Invero, sul punto, la sentenza d’appello , dopo aver citato il comma 6 dell’art. 26quater del d.P.R. 29 settembre 1973, n. 600, si limita a rilevare che la «prescritta attestazionedalla legge ritenuta necessaria e sufficiente- è stata prodotta, onde è vano discutere della idoneità probatoria degli ulteriori documenti allegati all’istanza e dell’autocertificazione resa dal legale rappresentante della società, trattandosi di elementi ultronei ai fini del riconoscimento del diritto all’esenzione». Tuttavia, alla luce della corretta esegesi della direttiva IRD, ricavabile innanzitutto dalle richiamate ‘sentenze danesi’ , oltre che dalla citata giurisprudenza di legittimità, la già argomentata verifica necessariamente sostanziale della qualità di ‘beneficiario effettivo’ non può coincidere con la mera presa d’atto dell’attribuzione formale di tale titolo.

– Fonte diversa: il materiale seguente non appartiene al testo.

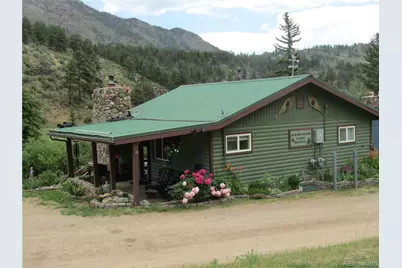 57920 US Highway 285 #10, Bailey, CO 80421 - Photo 1
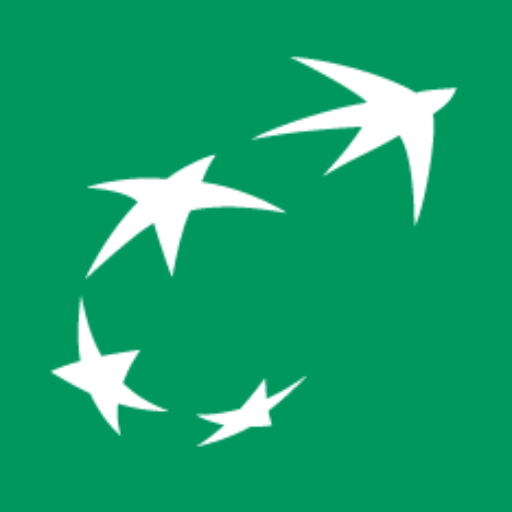 BNP Paribas Asset Management logo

Infatti ( fermo restando l’onere della prova in capo alla contribuente, tanto più in relazione alle contestazioni dell’Amministrazione nel giudizio conseguente al diniego del rimborso) l’interpretazione del concetto di ‘beneficiario effettivo’, per tutte le ragioni già esposte, deve essere letto in chiave non meramente formale, ma sostanziale, ed accertato all’esito dei ‘parametri spia’ da rapportare alla fattispecie concreta, per verificare la sussistenza, nel caso di specie, dei requisiti che denotano tale qualificazione, ai fini dell’esenzione .
Accertamento da condurre, sulla base del materiale istruttorio che spetta al giudice del merito individuare e valutare, secondo i criteri e le modalità ‘sostanziali’ di cui ai test, ed ai principi che li ispirano, già richiamati.
Né, peraltro, può ritenersi che tale accertamento possa esaurirsi nella ulteriore e successiva considerazione della CTR secondo, per quanto qui importa, «Peraltro, il Collegio rileva che il pagamento degli interessi è stato dimostrato per tabulas .». Invero tale formula esprime un accertamento, in punto di fatto, reso dalla CTR e come tale non sindacabile in questa sede di legittimità. Tuttavia, come questa Corte ha già rilevato nella medesima materia ed in fattispecie similare (Cass. 29 maggio 2023, n. 14905), in punto di diritto la CTR, limitandosi a constatare sostanzialmente il ‘pagamento’, ovvero il trasferimento delle somme in questione alla percipiente, si è fermata ad una verifica meramente formale circa l’adempimento dell’onere probatorio gravante sulla contribuente in ordine alla qualità di ‘beneficiario effettivo’ , senza compiere la verifica sostanziale anche dell’effettiva permanenza e disponibilità degli interessi nella sfera patrimoniale della percipiente, secondo i parametri del richiamato dominion test .
2.8. All’accoglimento del motivo, nei predetti termini, consegue la cassazione della sentenza impugnata in parte qua , con rinvio al giudice d’appello, essendo necessari accertamenti in fatto in ordine alla sussistenza della qualità di ‘beneficiario effettivo’ in capo all’istante per il rimborso.
2.9. Ogni altra questione deve ritenersi assorbita dall’accoglimento del secondo motivo, che concerne il necessario accertamento positivo della ricorrenza, in concreto, della contestata qualità di ‘beneficiario effettivo’ in capo alla società che ha ricevuto gli interessi in questione.
P.Q.M.
Accoglie il secondo motivo di ricorso nei termini di cui in motivazione e, dichiarato inammissibile il primo, cassa la sentenza impugnata in relazione al motivo accolto e rinvia alla Corte di giustizia tributaria di secondo grado dell’Abruzzo -sezione staccata di Pescara, in diversa composizione, cui demanda di provvedere anche sulle spese del giudizio di legittimità.
Così deciso in Roma, il 17 novembre 2023.